On entre ici comme dans une histoire racontée au coin du feu, près d’une tente, en pleine forêt. Il faut avoir l’esprit ouvert, prêt à écouter. C’est l’heure du conte… Celui d’une femme sans nom, à l’identité trouble et à l’esprit troublé. Une femme qui écrit des lettres. Où vit-elle ? Dans une maison, sur une vaste propriété, près d’une rivière, et d’un cairn. Vous n’en saurez guère plus. Ne cherchez pas les noms des villages sur wikipedia, ne cherchez pas de date au fil du récit. Ne cherchez pas. Rien. Lisez comme on écoute.

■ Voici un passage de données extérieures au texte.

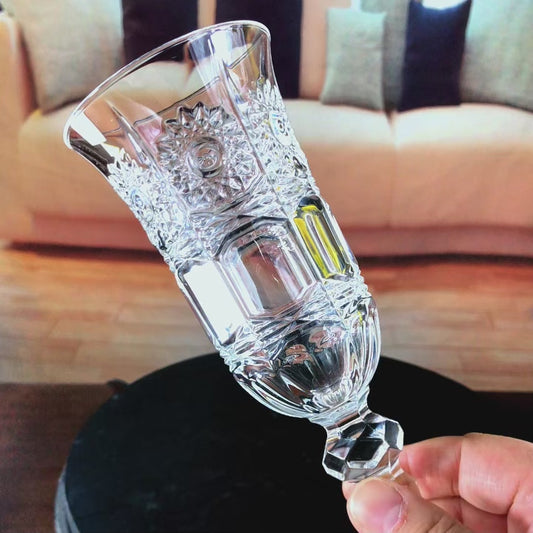 Elegant close-up video showcasing the full design of a crystal champagne flute, highlighting its slender silhouette, refined stem, and brilliant clarity as light reflects through the glass in a luxury wine presentation setting.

Il était une fois, une femme. L’une des dernières à maîtriser les mots, à savoir les coucher sur papier, les border, comme seuls savent le faire ceux qui les aiment. De partout, les gens venaient la trouver. Elle, l’écrivaine. Elle, la sœur de. Car oui, elle avait eu une sœur, vénérée car guérisseuse. Chacune son don, son pouvoir. Mais la sœur n’est plus, seuls restent son souvenir et son aura, juste là, au-dessus. Au dedans. La maison sous sa bulle.
Un jour, un homme vint la trouver. Il avait besoin d’une lettre et avait de quoi payer. Alors il resta, quelques jours, le temps qu’elle rédige, et l’aida dans ses travaux quotidiens. Mais tout était sombre autour. Tout était ombre dedans. Atmosphère pesante partout. Cette femme, aussi crainte que respectée, accueillait une communauté d’Indésirables sur son terrain, et les familles du coin ne voyait pas cela d’un bon œil. A l’abri dans sa maison, recluse dans ses encres et ses velins, elle était encore protégée des alentours, mais pas de ses fantômes.
Et puis il y avait ces chiens, errants, abîmés. Et ces enfants, presque chiens. Et toujours cet homme, dont elle ne savait rien, rien que ce qu’il voulait qu’elle écrive.
Mais ne me lisez pas. Je ne sais pas raconter. Je ne suis pas de ceux qui savent embarquer. Lisez Alyson Hagy plutôt, parce qu’elle, elle sait. Il est dit que ce livre est une dystopie. Soit. Pour moi c’est un conte, le reste m’importe peu.
Vous dire que c’est superbement traduit reviendrait à vous mentir en vous faisant croire que j’ai aussi lu la VO, et ce n’est pas le cas. Alors je me contenterai de saluer le travail de traduction de David Fauquemberg parce qu’il a joué un rôle aussi important que l’autrice dans ma lecture. A-t-il respecté scrupuleusement la plume de l’autrice ? Je n’en sais rien. Mais ce que je sais, c’est que je n’ai pas lâché ce bouquin, et que c’est autant grâce à l’histoire qu’aux plumes qui l’ont dessinée.